To research and demonstrate the effects of data revisions and re-benchmarking on composite indices and recession forecasting, we took the “NBER Recession Model of last resort” which was constructed from July 2012 vintages of Industrial Production, Non-Farm payrolls, Personal Incomes and Retail Sales and rebuilt it using *real-time data observations* taken from the ALFRED Archival database of the Federal Reserve Bank of St Louis. This allows us to compare real-time observations of each of the 4 NBER Model components, as available to an outside observer at the time, to the latest August 2012 vintage. This will give us a feel for how significant the revisions are, especially around turning points just before and after NBER declared recessions . We then construct a real-time version of the weighted NBER composite co-incident economic index to see how revisions to its components effect recession forecasting.

**About Growth Rates**

You will recall from the NBER Model research note that we used different growth rate metrics for each of the 4 components of the model. These were not arbitrary selections, but those made to satisfy three criteria:

- The best pinpointing of recession starts and ends based on the vintage the model was built (the optimized model)
- The best pinpointing of recession starts and ends based on real-time observations (the real-time model)
- The smallest difference between (1) and (2) above

The last item is quite important as it is no use having a perfect optimized model that is markedly different to what we can expect from its real-time performance.

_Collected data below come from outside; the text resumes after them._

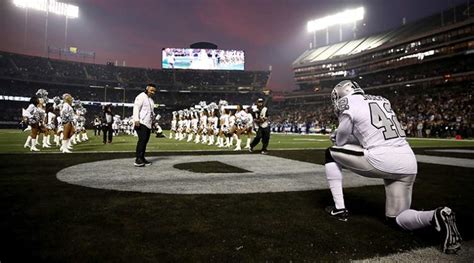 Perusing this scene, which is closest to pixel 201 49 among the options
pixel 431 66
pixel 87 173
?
pixel 431 66

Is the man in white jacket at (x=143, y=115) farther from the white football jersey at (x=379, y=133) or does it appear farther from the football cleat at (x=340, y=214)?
the white football jersey at (x=379, y=133)

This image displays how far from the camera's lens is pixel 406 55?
2099 inches

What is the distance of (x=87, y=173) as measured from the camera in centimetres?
646

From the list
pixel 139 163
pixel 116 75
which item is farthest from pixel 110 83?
pixel 139 163

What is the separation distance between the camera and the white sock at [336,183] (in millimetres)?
3584

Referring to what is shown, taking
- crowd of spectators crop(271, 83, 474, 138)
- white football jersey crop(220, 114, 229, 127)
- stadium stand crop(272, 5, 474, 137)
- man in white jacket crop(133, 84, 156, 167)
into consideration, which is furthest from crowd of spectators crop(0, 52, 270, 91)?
man in white jacket crop(133, 84, 156, 167)

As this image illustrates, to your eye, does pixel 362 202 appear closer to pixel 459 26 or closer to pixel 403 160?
pixel 403 160

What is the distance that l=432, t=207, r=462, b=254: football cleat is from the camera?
98.2 inches

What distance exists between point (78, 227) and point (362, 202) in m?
3.72

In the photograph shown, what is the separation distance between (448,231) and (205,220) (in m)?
2.33

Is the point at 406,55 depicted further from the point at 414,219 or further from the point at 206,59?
the point at 414,219

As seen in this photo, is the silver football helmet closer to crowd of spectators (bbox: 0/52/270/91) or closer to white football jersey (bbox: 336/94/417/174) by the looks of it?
white football jersey (bbox: 336/94/417/174)

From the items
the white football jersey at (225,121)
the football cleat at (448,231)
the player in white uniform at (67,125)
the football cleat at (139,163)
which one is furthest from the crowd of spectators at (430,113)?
the football cleat at (448,231)

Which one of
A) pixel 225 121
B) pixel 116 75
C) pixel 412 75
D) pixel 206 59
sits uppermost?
pixel 206 59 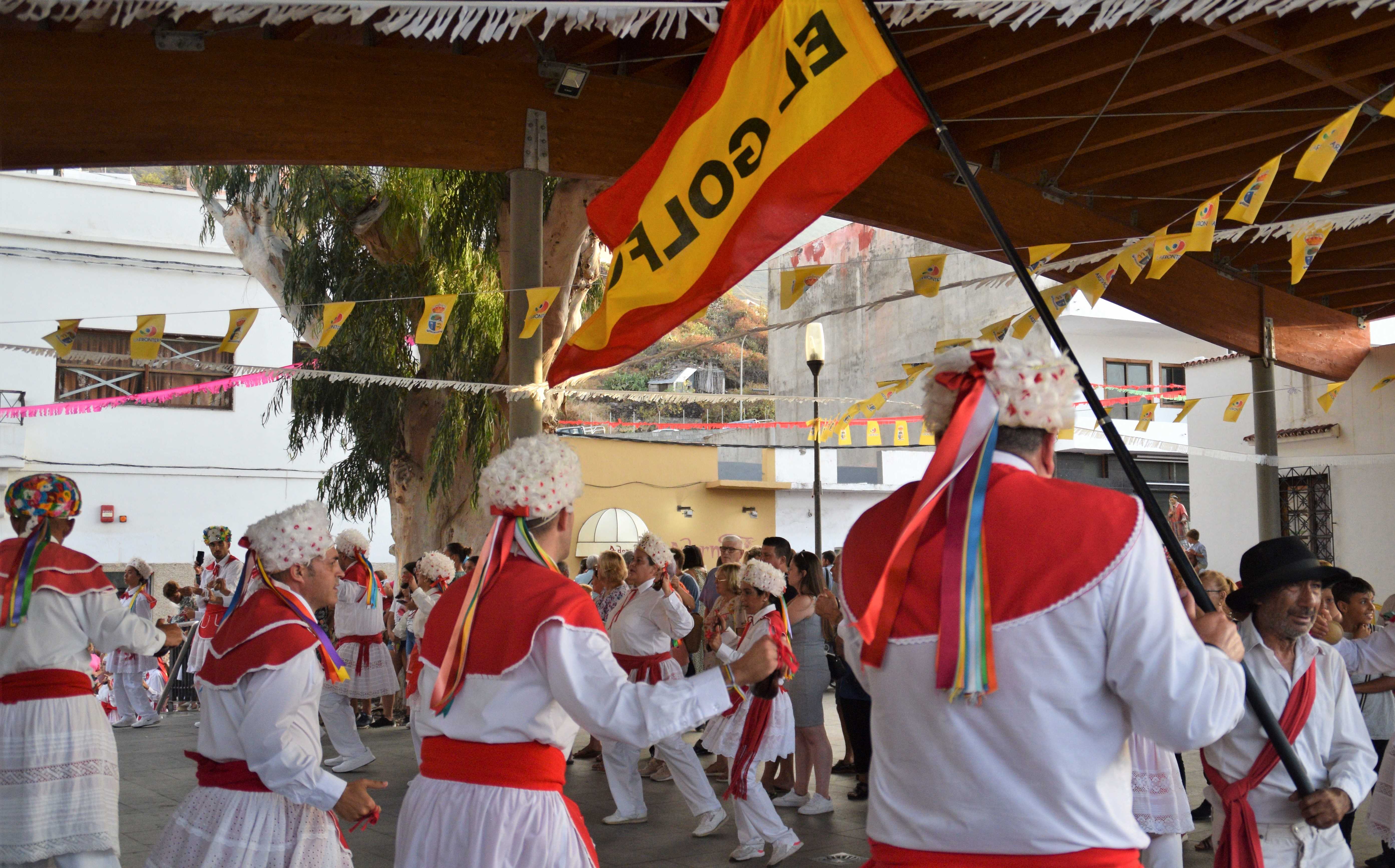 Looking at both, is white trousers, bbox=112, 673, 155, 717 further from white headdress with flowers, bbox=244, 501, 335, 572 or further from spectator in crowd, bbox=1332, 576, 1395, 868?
spectator in crowd, bbox=1332, 576, 1395, 868

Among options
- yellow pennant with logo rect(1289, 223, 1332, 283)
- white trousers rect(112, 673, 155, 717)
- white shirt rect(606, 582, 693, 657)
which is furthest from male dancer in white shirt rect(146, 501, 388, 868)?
white trousers rect(112, 673, 155, 717)

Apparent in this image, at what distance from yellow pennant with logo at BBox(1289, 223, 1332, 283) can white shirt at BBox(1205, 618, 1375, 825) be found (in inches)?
158

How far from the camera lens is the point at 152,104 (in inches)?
271

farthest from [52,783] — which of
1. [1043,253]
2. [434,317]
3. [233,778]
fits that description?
[1043,253]

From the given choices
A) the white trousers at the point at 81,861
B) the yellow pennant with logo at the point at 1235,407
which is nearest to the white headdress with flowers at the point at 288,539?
the white trousers at the point at 81,861

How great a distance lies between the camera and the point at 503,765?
10.8ft

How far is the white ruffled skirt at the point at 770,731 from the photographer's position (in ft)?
25.2

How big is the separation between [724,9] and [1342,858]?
3556 millimetres

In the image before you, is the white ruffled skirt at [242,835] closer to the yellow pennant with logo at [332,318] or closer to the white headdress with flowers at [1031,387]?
the white headdress with flowers at [1031,387]

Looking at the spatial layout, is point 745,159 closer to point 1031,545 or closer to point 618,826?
point 1031,545

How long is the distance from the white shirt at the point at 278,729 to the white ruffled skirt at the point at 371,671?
23.3 ft

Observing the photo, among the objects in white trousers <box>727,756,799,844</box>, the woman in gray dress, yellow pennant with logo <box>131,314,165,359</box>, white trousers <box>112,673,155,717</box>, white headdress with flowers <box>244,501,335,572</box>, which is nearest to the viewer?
white headdress with flowers <box>244,501,335,572</box>

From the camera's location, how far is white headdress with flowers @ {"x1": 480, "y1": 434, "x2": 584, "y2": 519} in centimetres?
352

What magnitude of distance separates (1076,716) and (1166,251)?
577 cm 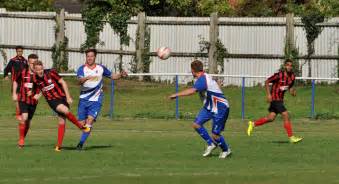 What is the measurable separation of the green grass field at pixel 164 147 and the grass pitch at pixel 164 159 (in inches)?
0.6

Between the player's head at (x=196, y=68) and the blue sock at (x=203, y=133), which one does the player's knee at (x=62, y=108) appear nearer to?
the blue sock at (x=203, y=133)

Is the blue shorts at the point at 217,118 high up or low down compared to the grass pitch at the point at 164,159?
up

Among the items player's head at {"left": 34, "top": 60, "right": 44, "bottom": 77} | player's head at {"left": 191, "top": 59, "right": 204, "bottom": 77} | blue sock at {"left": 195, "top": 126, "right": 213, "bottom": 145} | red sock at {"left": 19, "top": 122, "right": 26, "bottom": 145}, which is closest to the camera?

Correct selection of growth rate in your model can indeed eliminate much of the issue associated with revisions. Although an economic time-series may have its levels revised downwards, if the recession models are using growth rates then its the impact of the revisions to growth rates that is important and not the levels themselves.

**1. NON-FARM PAYROLL EMPLOYMENT (PAYEMS)**

This is the first figure to be released, normally within the first week of the month. This component has the 2nd largest weighting (30%) in the NBER co-incident economic index, next to Personal Incomes which has a 31% weighting. We use a 3-month smoothed growth rate calculation for recession signalling, which uses data from the last 7 months observations in its calculations. The chart below shows the 3 month smoothed growth rate of the latest vintage of PAYEMS compared to that of the real-time observations an outside observer would have made with the latest vintage at his/her disposal at the time.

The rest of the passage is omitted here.